§ WHAT YOU NEED TO DO
Leave the images out and write out each entry exactly as shown.

§ INFORMATION GIVEN
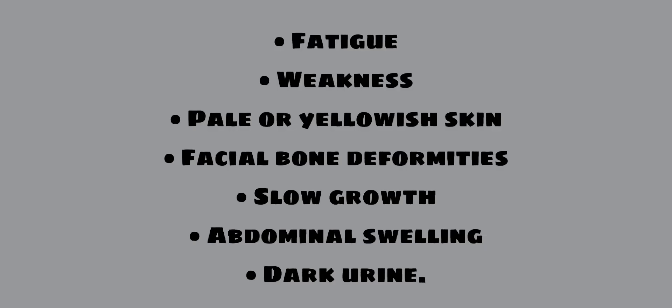Symptoms include fatigue, weakness, pale or yellowish skin, facial bone deformities, slow growth, abdominal swelling, and dark urine.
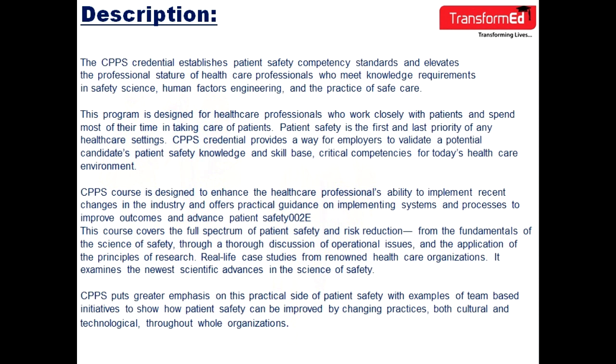Using real-life case studies from renowned healthcare organizations, the course examines the newest scientific advances in the science of safety. CPPS puts greater emphasis on the practical side of patient safety, with examples of team-based initiatives to show how patient safety can improve by changing practices — both cultural and technological — throughout whole organizations.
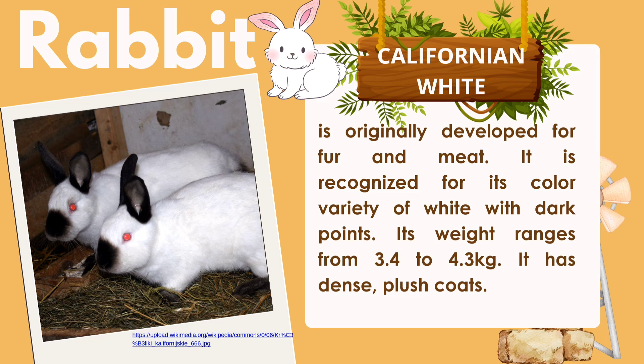California White was originally developed for fur and meat. It is recognized for its color variety of white with dark points. Its weight ranges from 3.4 to 4.3 kg. It has dense and plush coats.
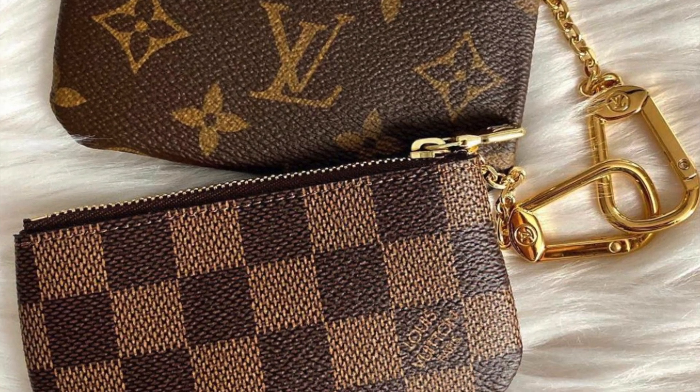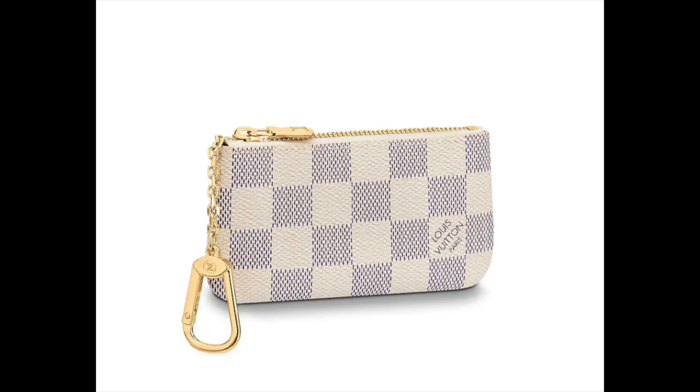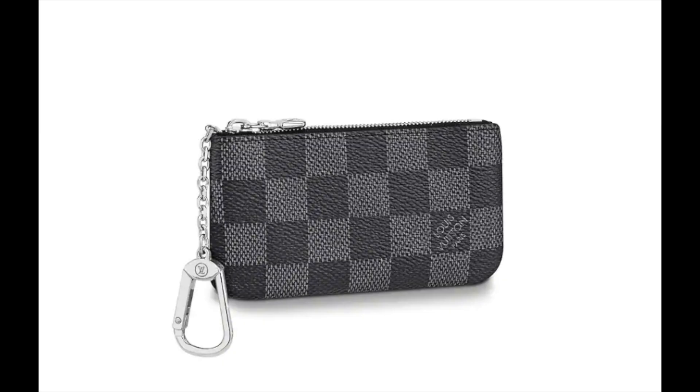It comes in three different colors — the Damier Ebene, the Damier Azur, as well as the plain monogram. It also comes in a gray version in the men's section and it's slightly bigger. This retails for $295 Australian dollars. We've purchased it for around $190 to $230. It's literally the best investment and right now it's still quite affordable. $295 is a pretty decent price for an item you're going to use every day — it's so convenient and durable.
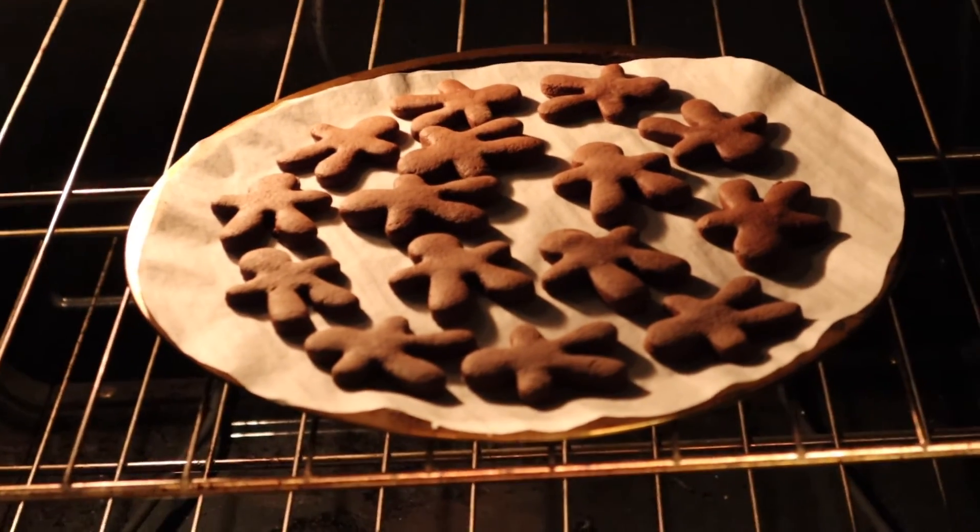All right, the cookies are in the oven — I'm tired. That's not a good cookie. I just brushed my teeth so I have no idea what it tastes like.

§ WORKED SOLUTION
Symptoms include fatigue, weakness, pale or yellowish skin, facial bone deformities, slow growth, abdominal swelling, and dark urine.
Using real-life case studies from renowned healthcare organizations, the course examines the newest scientific advances in the science of safety. CPPS puts greater emphasis on the practical side of patient safety, with examples of team-based initiatives to show how patient safety can improve by changing practices — both cultural and technological — throughout whole organizations.
California White was originally developed for fur and meat. It is recognized for its color variety of white with dark points. Its weight ranges from 3.4 to 4.3 kg. It has dense and plush coats.
It comes in three different colors — the Damier Ebene, the Damier Azur, as well as the plain monogram. It also comes in a gray version in the men's section and it's slightly bigger. This retails for $295 Australian dollars. We've purchased it for around $190 to $230. It's literally the best investment and right now it's still quite affordable. $295 is a pretty decent price for an item you're going to use every day — it's so convenient and durable.
All right, the cookies are in the oven — I'm tired. That's not a good cookie. I just brushed my teeth so I have no idea what it tastes like.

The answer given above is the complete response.